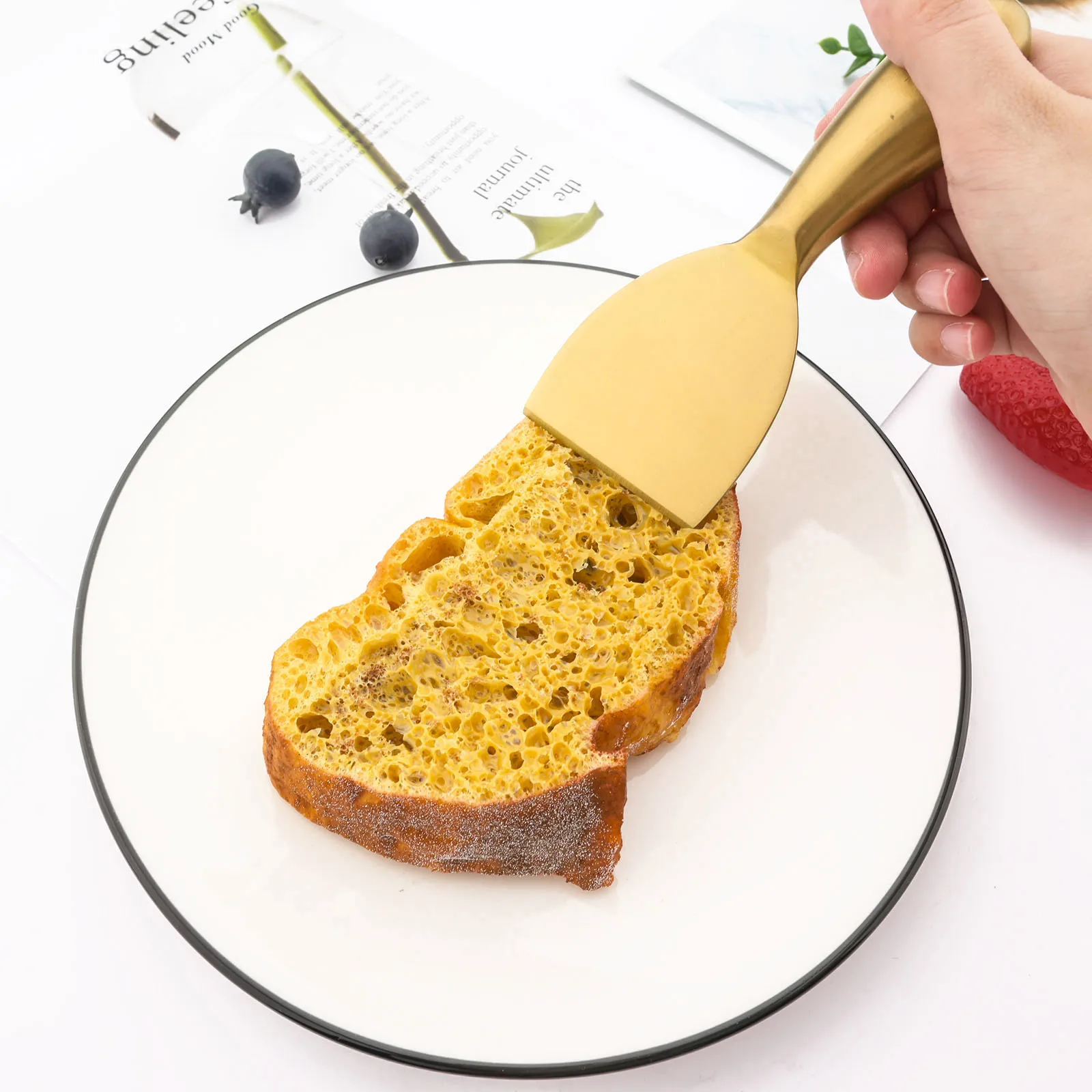 Description Picture 5 of itemGold Matte Stainless Sttel Handle Cheese Knife Set Mini Cheese Knife Butter Knife Slicer Knife Pizza Cutter Baked Cheese Knife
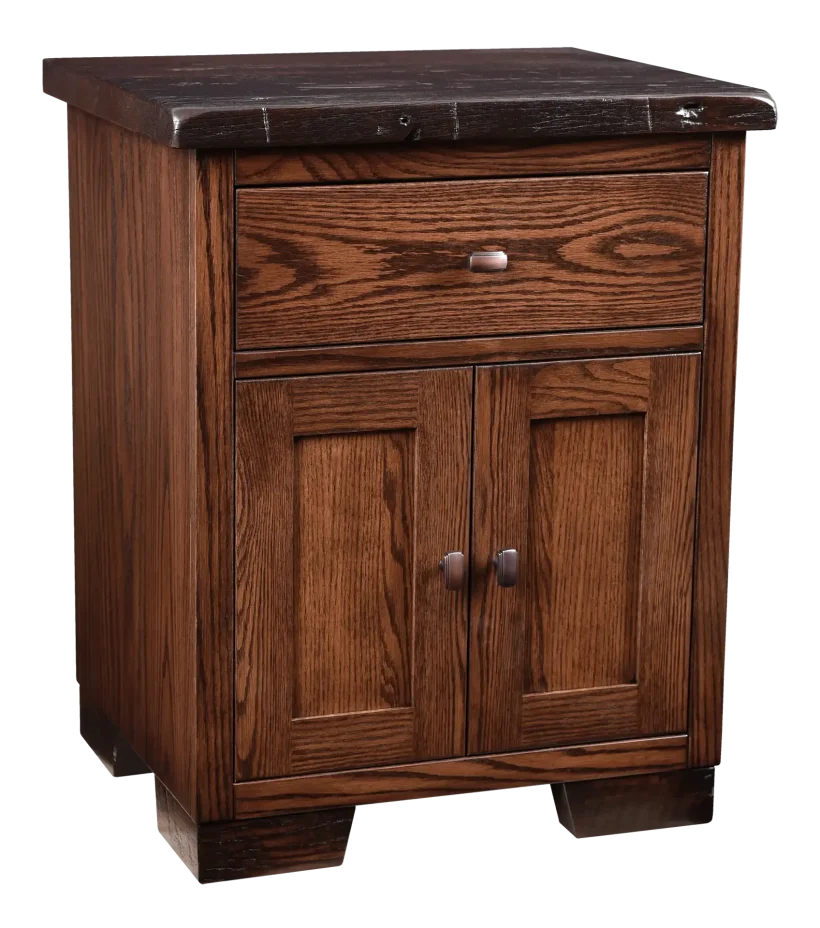 Amish Farmhouse Heritage 1 Drawer 1 door Nightstand - Reclaimed Oak, OCS117 Asbury, Oak, OCS117 Asbury, Bronze Knobs, K519-DBAC, Bronze Knobs, K519-DBAC Amish Farmhouse Heritage 1 Drawer 1 door Nightstand - 017-ZTC9353-O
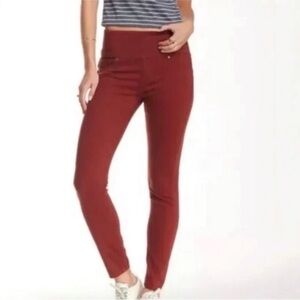 SPANX Burnt Red/Brick Denim Leggings Size M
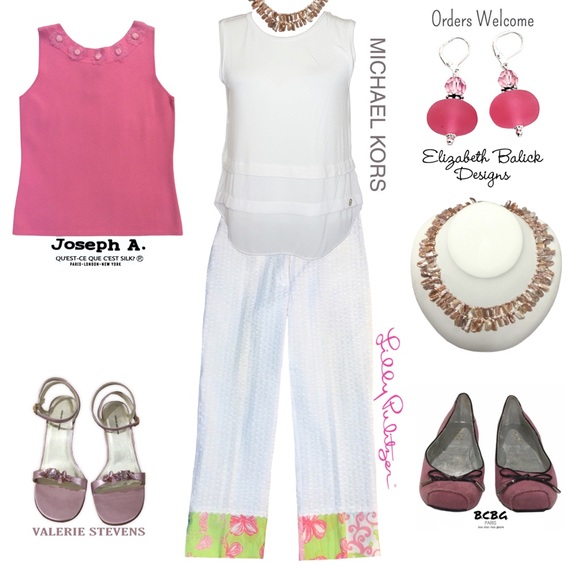 Lilly Pulitzer White Cropped Pants w/ Mixed Lily Print Hemline, Sz 4/Small, EUC - Picture 13 of 13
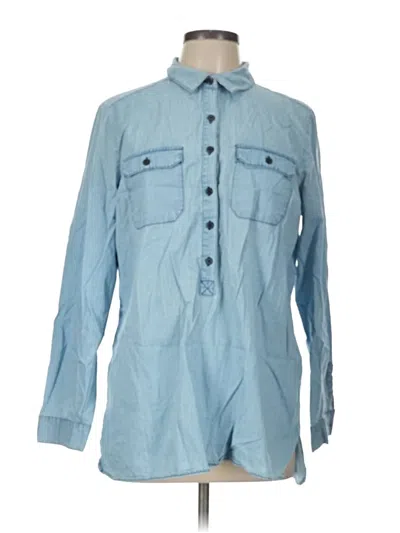 Pre-owned Old Navy Long Sleeve Button Down Shirt In Blue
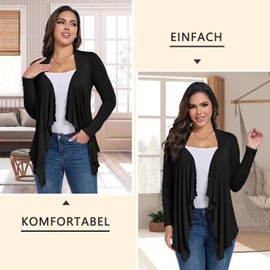 KESSER Women's Cardigan Elegant Long Sleeve Irregular Hem Pleated Long Casual Cardigan Buttonless Soft Lightweight Breathable Fashion Versatile, black, S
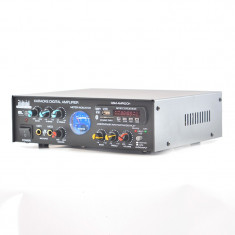 AMPLIFICATOR KARAOKE QSM-AMP62CH/USB/TELECOMANDA/MP3/SD/FM RADIO/BT/12V foto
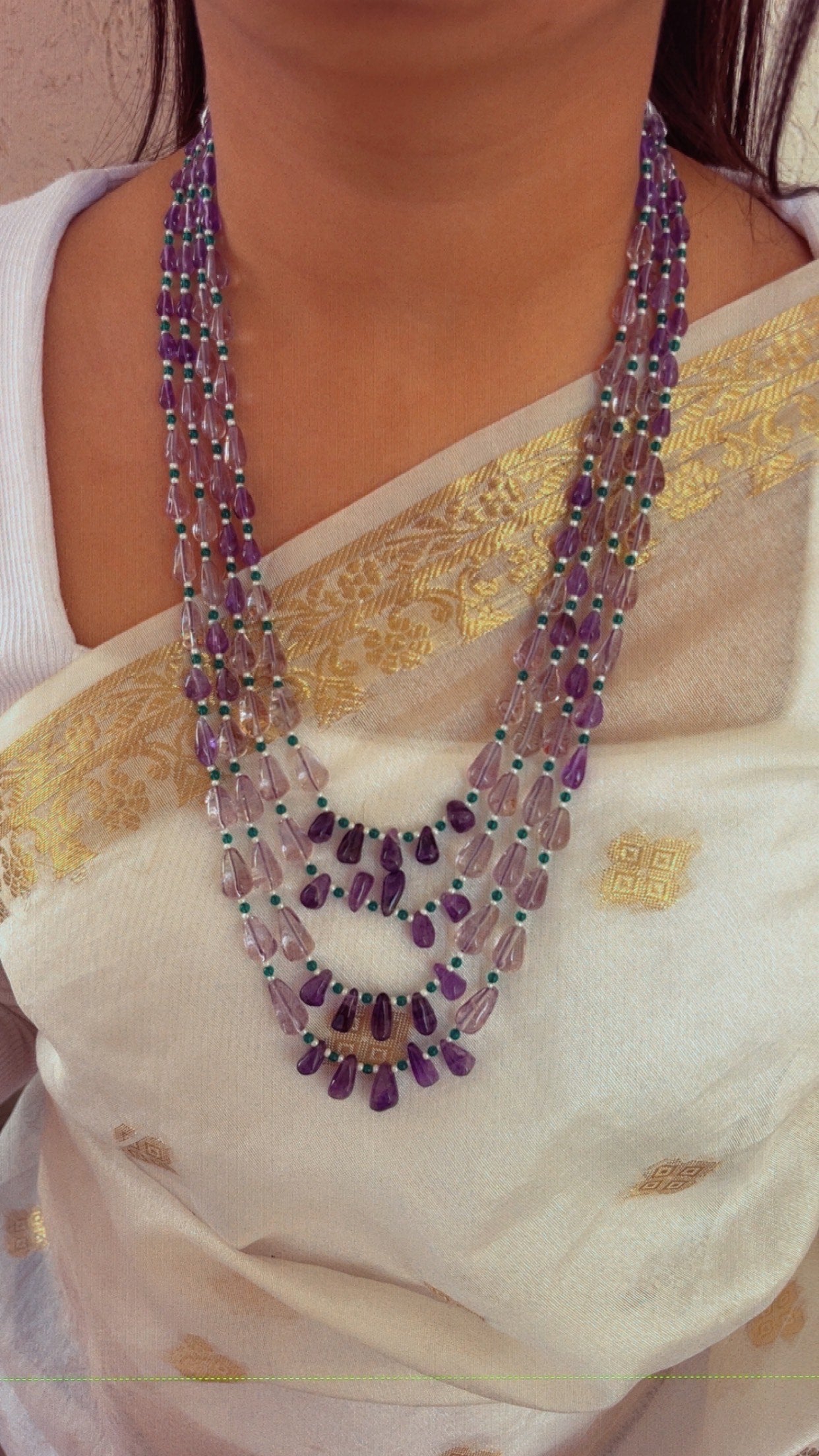 Natural Amethyst & Green Quartz Gemstone Beads Necklace Jewelry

WHAT YOU SHOULD DO: Write out the whole of the data exactly; the pictures stay out.

YOUR RESPONSE:
 Description Picture 5 of itemGold Matte Stainless Sttel Handle Cheese Knife Set Mini Cheese Knife Butter Knife Slicer Knife Pizza Cutter Baked Cheese Knife
 Amish Farmhouse Heritage 1 Drawer 1 door Nightstand - Reclaimed Oak, OCS117 Asbury, Oak, OCS117 Asbury, Bronze Knobs, K519-DBAC, Bronze Knobs, K519-DBAC Amish Farmhouse Heritage 1 Drawer 1 door Nightstand - 017-ZTC9353-O
 SPANX Burnt Red/Brick Denim Leggings Size M
 Lilly Pulitzer White Cropped Pants w/ Mixed Lily Print Hemline, Sz 4/Small, EUC - Picture 13 of 13
 Pre-owned Old Navy Long Sleeve Button Down Shirt In Blue
 KESSER Women's Cardigan Elegant Long Sleeve Irregular Hem Pleated Long Casual Cardigan Buttonless Soft Lightweight Breathable Fashion Versatile, black, S
 AMPLIFICATOR KARAOKE QSM-AMP62CH/USB/TELECOMANDA/MP3/SD/FM RADIO/BT/12V foto
 Natural Amethyst & Green Quartz Gemstone Beads Necklace Jewelry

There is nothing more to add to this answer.